---
title: "Algorithmic vs. Human Portfolio Choice"
authors:
  - name: "Béatrice Boulu-Reshef"
    affiliation: "CY Cergy Paris Université, CNRS, THEMA"
  - name: "Alexis Direr"
    affiliation: "Université d'Orléans, LEO"
  - name: "Nicole von Wilczur"
    affiliation: "Bedrock Streaming"
keywords: [robo-advisor, human-algorithm interaction, portfolio choice, behavioral household finance, MiFID II, risk profiling, algorithm aversion, anchoring]
jel_codes: [D14, G11, G23, G41, G51]
language: [en, fr]
type: research-article
---

# Algorithmic vs. Human Portfolio Choice

**Authors**
- Béatrice Boulu-Reshef — CY Cergy Paris Université, CNRS, THEMA — *beatrice.boulu-reshef@cyu.fr*
- Alexis Direr — Université d'Orléans, LEO — *alexis.direr@univ-orleans.fr*
- Nicole von Wilczur — Bedrock Streaming — *nicole.vonwilczur@bedrockstreaming.com*

**Keywords**: robo-advisor, human-algorithm interaction, portfolio choice, behavioral household finance.
**JEL codes**: D14, G11, G23, G41, G51.
**Research framework**: PREF research initiative under the aegis of the Europlace Institute of Finance — joint initiative by Yomoni and the University of Orléans.

---

## Abstract

**English.** Robo-advisors that provide investment advice using risk profiling questionnaires have recently made a breakthrough in the investment management industry. The validity of these questionnaires is crucial as profiling inaccuracies can lead to a mismatch between investment proposals and retail investors' preferences. This paper uses data from a robo-advisor that makes portfolio recommendations to its potential clients and lets them choose their risk exposure after having received this recommendation. We provide evidence that although recommendations by the robo-advisor are qualitatively aligned with portfolio theory, the recommendation is heavily based on answers about financial risk taking. A large majority of clients follow the recommendation and as a result are also strongly influenced by their declared propensity to take financial risks.

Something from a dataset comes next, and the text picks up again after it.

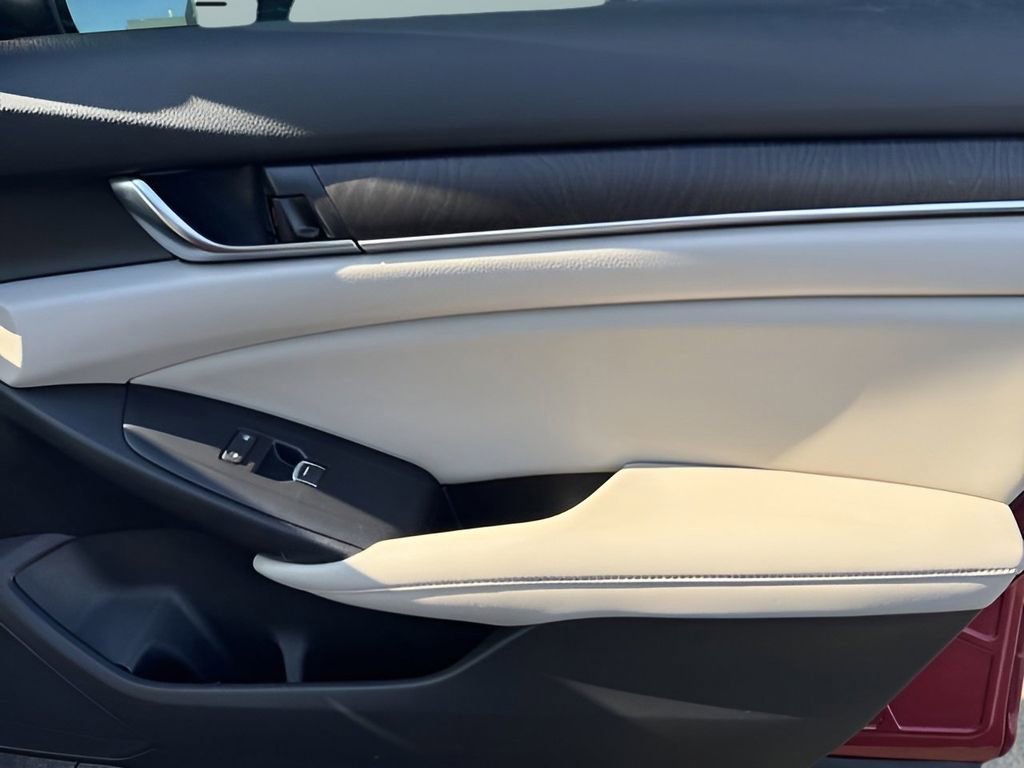 Used 2019 Honda Accord Touring image 46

**Français.** Les robo-conseillers qui fournissent des conseils en investissement à l'aide de questionnaires de profilage de risque ont récemment marqué une avancée dans l'industrie de la gestion d'actifs. La validité de ces questionnaires est cruciale, car des imprécisions dans le profilage peuvent entraîner un décalage entre les propositions d'investissement et les préférences des investisseurs particuliers. Cet article utilise les données d'un robo-conseiller qui formule des recommandations de portefeuille à ses clients potentiels et leur permet de choisir leur niveau d'exposition au risque après avoir reçu cette recommandation. Nous montrons que, bien que les profils de risque recommandés par le robo-conseiller soient qualitativement cohérents avec la théorie des portefeuilles, la recommandation repose fortement sur les réponses relatives à la prise de risque financier. Une large majorité de clients suivent la recommandation et, par conséquent, sont également fortement influencés par leur propension déclarée à prendre des risques financiers.

---

## 1. Contributions

The paper makes three main contributions.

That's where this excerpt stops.